Evidence contradicts Hollywood lies
The importance of Dr. Fagan’s report is that it serves as a valuable guide for parents wanting the best for their children.
Contrary to the popular image of Hollywood parents who encourage their children to be agnostic or atheist, parents who want their children to achieve will get them into church. Another study that Dr. Fagan cites showed that students attending "weekly religious services were less likely to use drugs or alcohol, to engage in delinquent behavior, to get in trouble at school or to have poor grades when compared with their peers who attended church less than monthly or not at all."
"Youth who considered religion to be fairly important or very important in their lives were less likely to engage in risky behavior. For many of these youth, church attendance reinforces messages about working hard and staying out of trouble, orients youth toward a positive future, and builds a transferable skill-set of commitments and routines."

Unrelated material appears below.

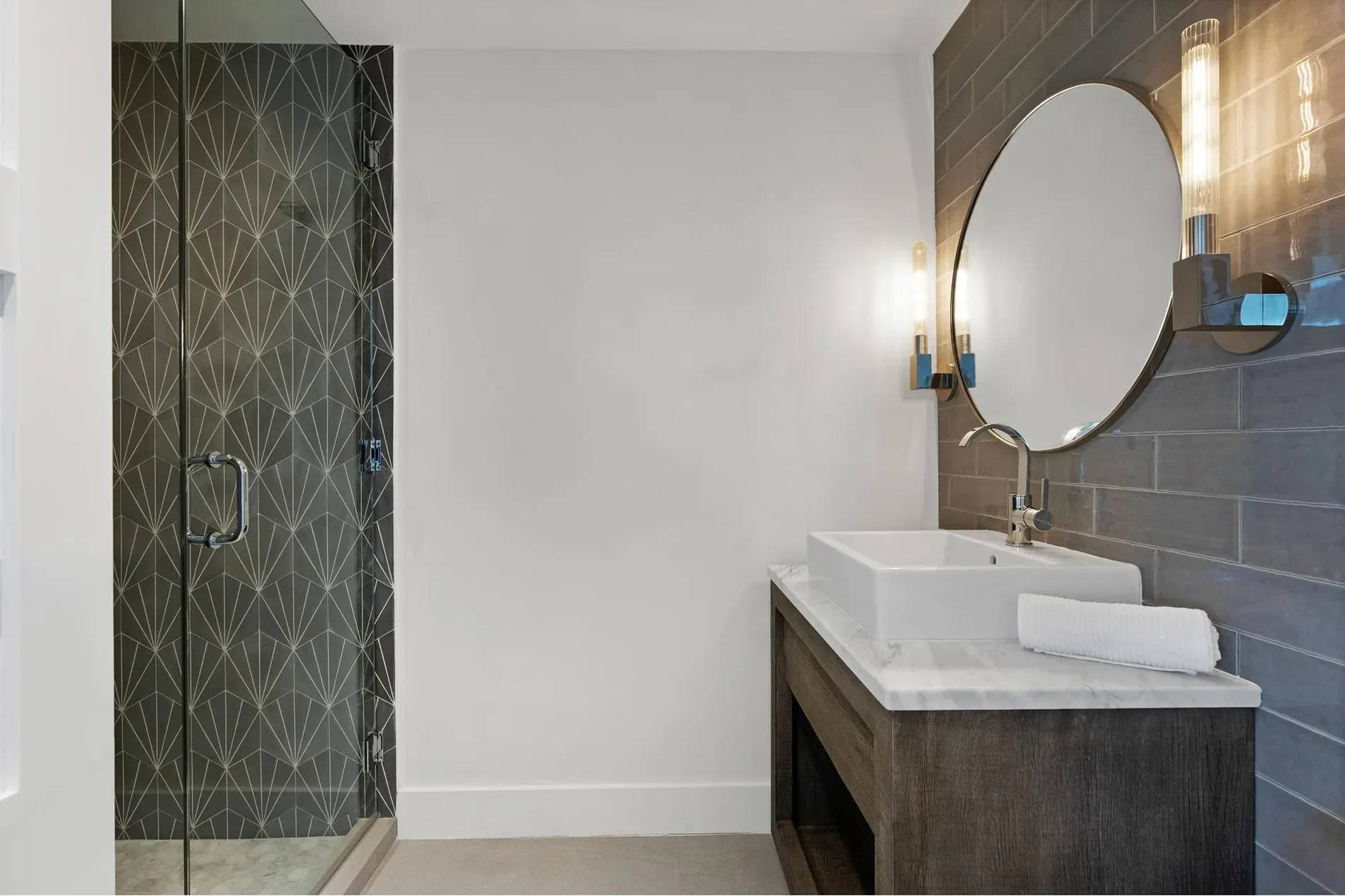 1 Collins Ave, Miami Beach, Florida, United States. - Photo 17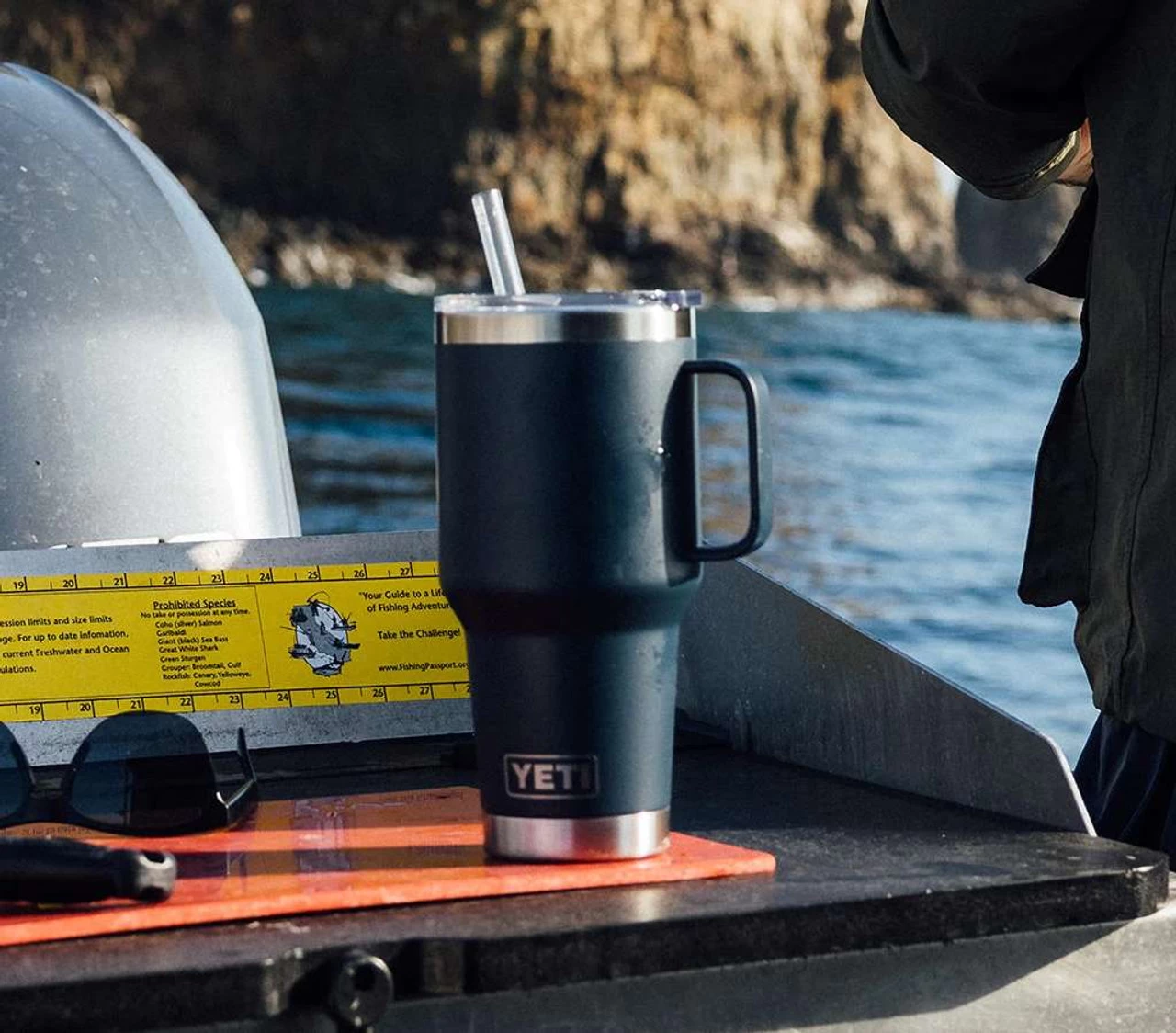 YETI Rambler 35oz Mug With Straw Lid 10 YETI Rambler 35oz Mug With Straw Lid - Image 8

"Interestingly," reports Dr. Fagan, "Carmel Chiswick, Professor of Economics at the of Illinois at Chicago, found that ‘people with high levels of religious human capital tend to select spouses who also have high levels, forming family units for which the home production of religious education is more efficient.’
"Frequent religious attendance is highly correlated with less sexual activity among those who are not married," wrote Dr. Fagan.
"Strong and repeated evidence indicates that the regular practice of religion has beneficial effects in nearly every aspect of social concern and policy. This evidence shows that religious practice protects against social disorder and dysfunction."
No other dimension of life in America does more to promote the well-being and soundness of the nation’s civil society than citizens’ regular attendance at church, says Dr. Fagan.
"As George Washington asserted," he concludes, "the success of the republic depends on the practice of religion by its citizens. These findings from 21st century social science support his observation."